As uncertainty looms in England surrounding Brexit, France has jumped on the opportunity with “Join the Game”. They’re painting France as an international hub that is already home to many successful gaming studios, and they’re offering tax breaks and plenty of funding options – for everything from R&D to the production of community events. Their website even has an entire page dedicated to “getting settled in France”, in English, with a step-by-step guide on how game developers should prepare for their arrival.

The UK Department for International Trade used this year’s Game Developers Conference as a backdrop for the promotion of their games fund – calling the UK “one of the most flourishing game developing ecosystems in the world.” The UK Games Fund allows for both local and foreign-owned gaming companies with a presence in the UK to apply for tax breaks. And ever since France announced their fund, more and more people have begun encouraging the British government to expand their program saying that the UK gaming ecosystem should be “retained and enhanced”. But, not only does the government take gaming seriously, the Queen does as well. In 2008, David Darling the CEO of hyper-casual game studio Kwalee was made a Commander of the Order of the British Empire (CBE) for his services to the games industry. CBE is the third-highest honor the Queen can bestow on a British citizen.

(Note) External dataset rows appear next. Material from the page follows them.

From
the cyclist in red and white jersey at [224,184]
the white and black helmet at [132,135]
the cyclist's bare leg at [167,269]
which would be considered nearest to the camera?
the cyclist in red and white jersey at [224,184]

Over to Germany, and the government has allocated 50M euros of its 2019 budget for the creation of a games fund. In Sweden, the Sweden Game Arena is a public-private partnership that helps students develop games using government-funded offices and equipment. It also links students and startups with established companies and investors. While these numbers dwarf the investment of more commercial or financial players, the sudden uptick in interest governments are paying to the game space indicate just how exciting and lucrative gaming has become.

Support is coming from all levels

The evolution of investment in the gaming space is indicative of the stratospheric growth, massive revenue, strong user engagement, and extensive demographic and geographic reach of mobile gaming. With the global games industry projected to be worth a quarter of a trillion dollars by 2023, it comes as no surprise that the diverse players globally have finally realized its true potential and have embraced the gaming ecosystem as a whole.